TASK DESCRIPTION: Drop all pictures and repeat exactly the lines from the line holding "Kinder Jumbo Kartenvorlage" through the end of the records.

SOURCE INFORMATION:
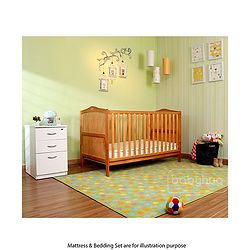 Babyhug Merlino 2 in 1 Wooden Cot Cum Junior Bed with Height Adjustable & Plug and Play Assembly - Antique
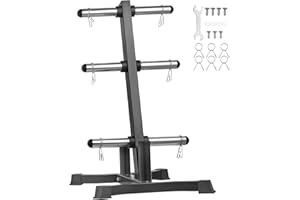 VEVOR Weight Plate Rack,Standard Weight Plate Tree,Weight Storage Holder, Home Gym Barbell Rack Storage Stand, Blac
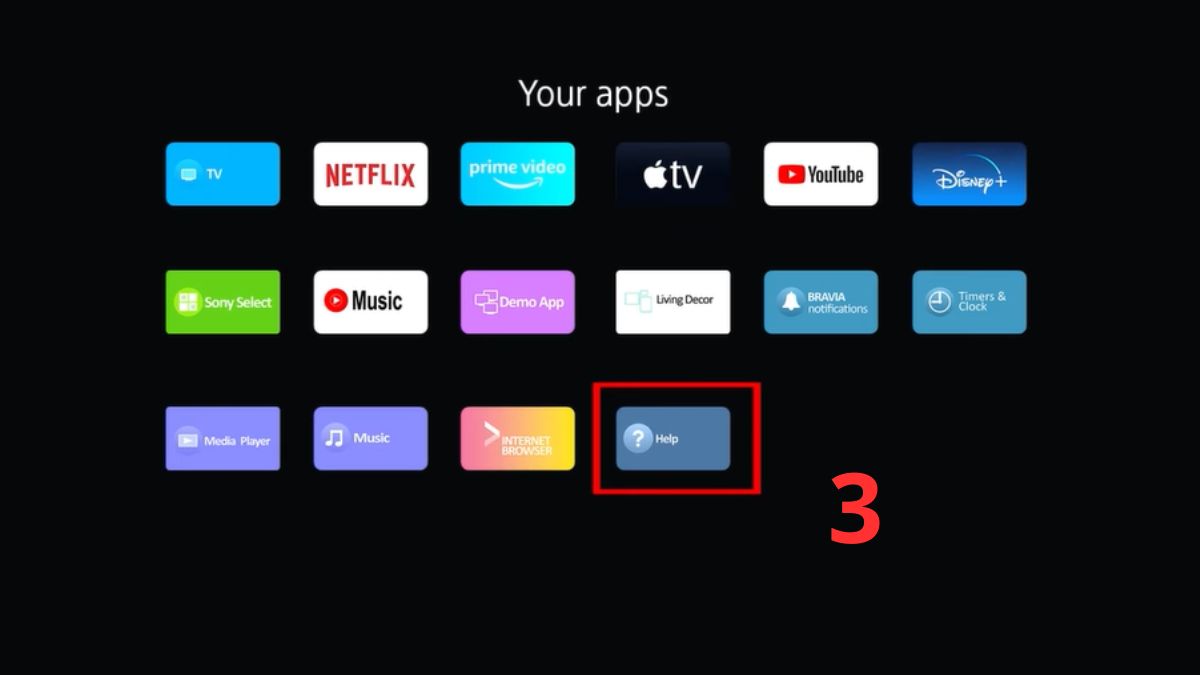 Kiểm tra mã TV Sony trong phần Cài đặt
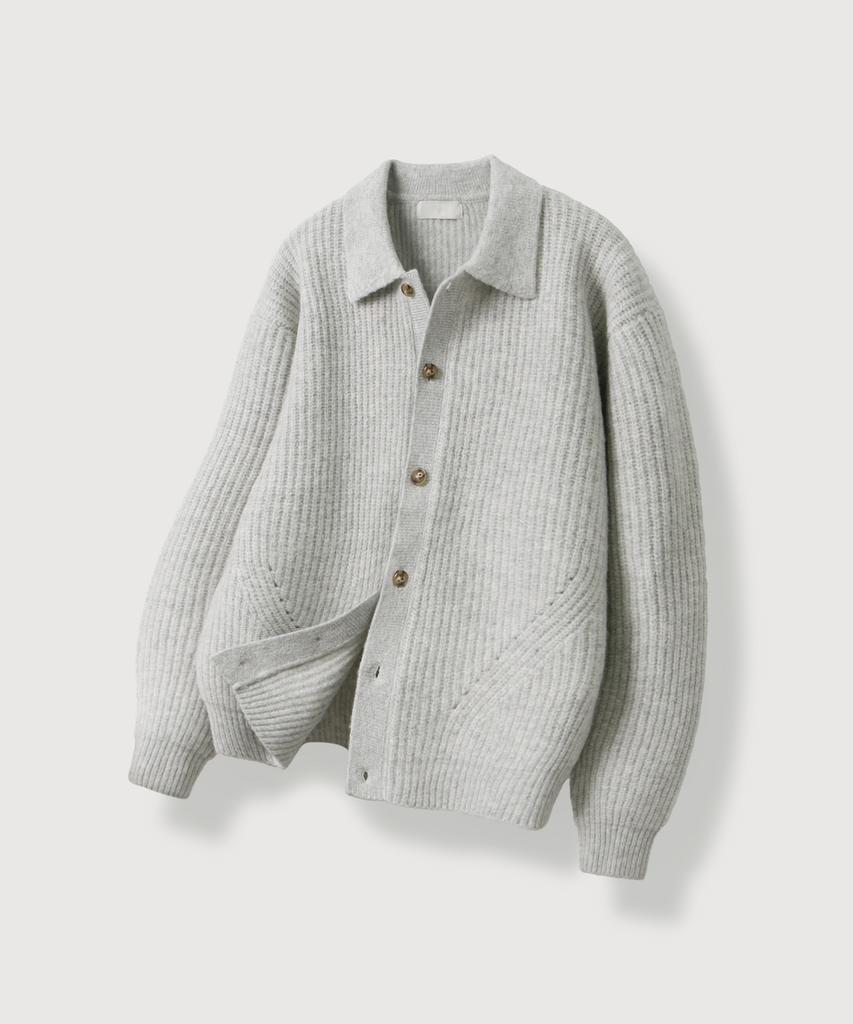 Mood Inside Heavy Hacci Collar Cardigan_White Melange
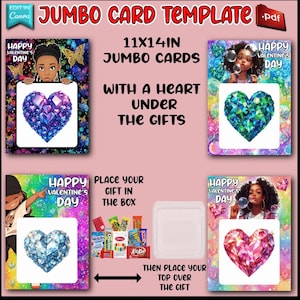 Kinder Jumbo Kartenvorlage Blasen und Herzen, Jumbo Leckerli Kartenvorlage, Canva Bearbeitbar, Valentinstag, Valentinstag Geschenk, V-Day,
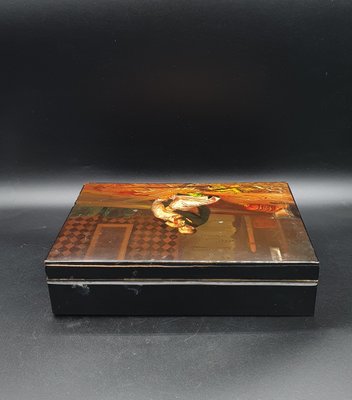 Large Russian Fedoskino Lacquer Box-OZS-1344489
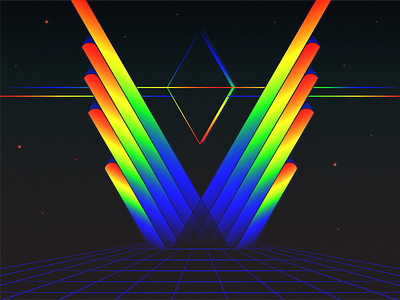 70s Sci-Fi 1970s 1980s 70s 80s abstract darkness geometric grainy illustration light prism rainbow retro retrowave sci-fi science-fiction space synthwave vaporwave vintage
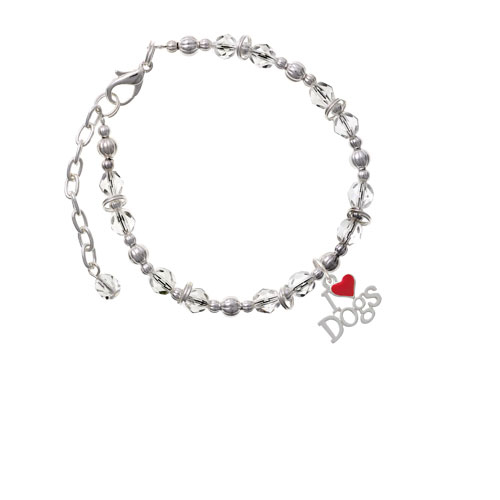 I love Dogs with Red Heart Clear Beaded Bracelet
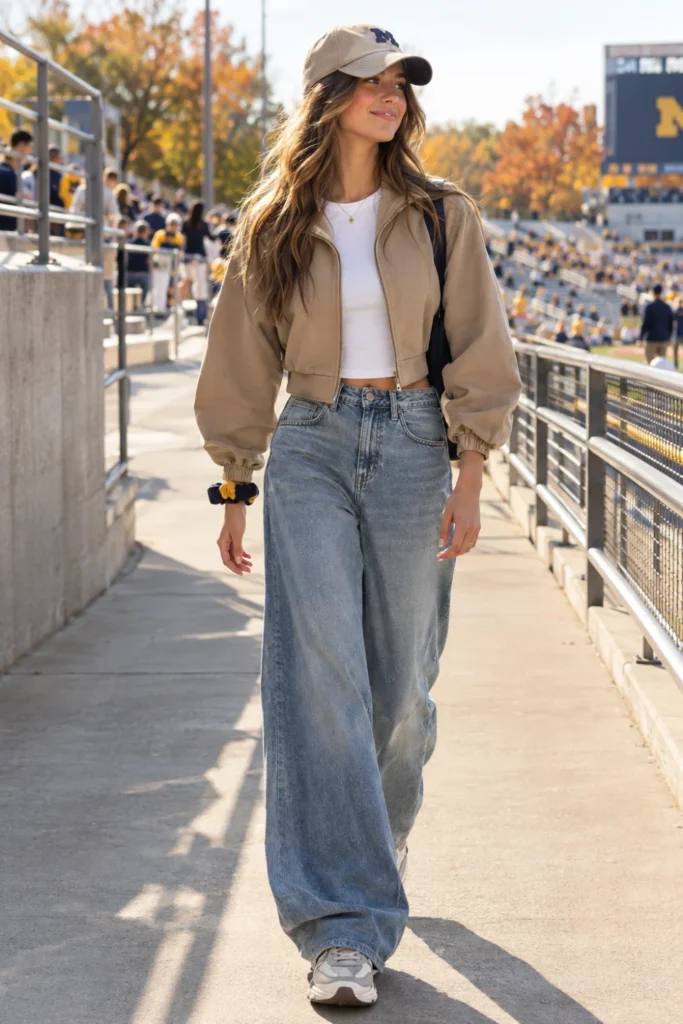 Baggy jeans with a cropped jacket and baseball cap for homecoming weekend, a game-day pick in outfits ideas for women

ANSWER BOX:
 Kinder Jumbo Kartenvorlage Blasen und Herzen, Jumbo Leckerli Kartenvorlage, Canva Bearbeitbar, Valentinstag, Valentinstag Geschenk, V-Day,
 Large Russian Fedoskino Lacquer Box-OZS-1344489
 70s Sci-Fi 1970s 1980s 70s 80s abstract darkness geometric grainy illustration light prism rainbow retro retrowave sci-fi science-fiction space synthwave vaporwave vintage
 I love Dogs with Red Heart Clear Beaded Bracelet
 Baggy jeans with a cropped jacket and baseball cap for homecoming weekend, a game-day pick in outfits ideas for women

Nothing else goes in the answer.